La corrupción y la debilidad de las instituciones del Estado se agravaron durante la presidencia de Enrique Peña Nieto, el caldo de cultivo perfecto para la proliferación y empoderamiento de grupos criminales en otros estados del país, como Guanajuato, Jalisco, Quintana Roo, Morelos y Veracruz. La guerra contra el narcotráfico de Calderón derivó pronto en una guerra sin cuartel y en una diversificación de las actividades del crimen organizado. 

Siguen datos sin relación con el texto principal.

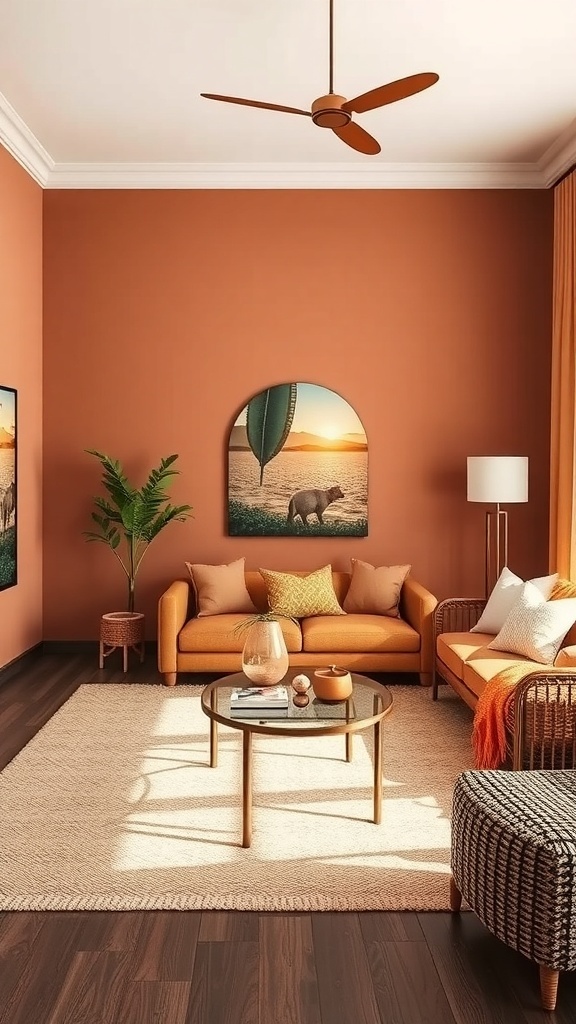 Cozy living room with earthy tones, featuring terracotta walls, orange sofa, and natural textures.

Hoy en día, sin una estrategia clara del gobierno de López Obrador para hacer frente a este brutal fenómeno que sigue en ascenso, los ciudadanos de a pie no tenemos fundamentos para sentirnos esperanzados. Según la revista Forbes, el propio gobierno federal reconoce que nuestro país alcanzaría nuevo record de muertes violentas en este 2020, pese al confinamiento obligado por la pandemia de Covid-19. 

El 2020 nos dejará más de 40 mil muertes violentas; mientras tanto, en el México de la fantasía, la simulación y el cinismo, los partidos políticos y sus candidatos, sin excepción, se preparan, como si nada, para la elección del 6 de junio de 2021. Una contienda que se llevará a cabo entre ríos de sangre y cuerpos desmembrados que no estarán presentes en la boleta ni en las urnas.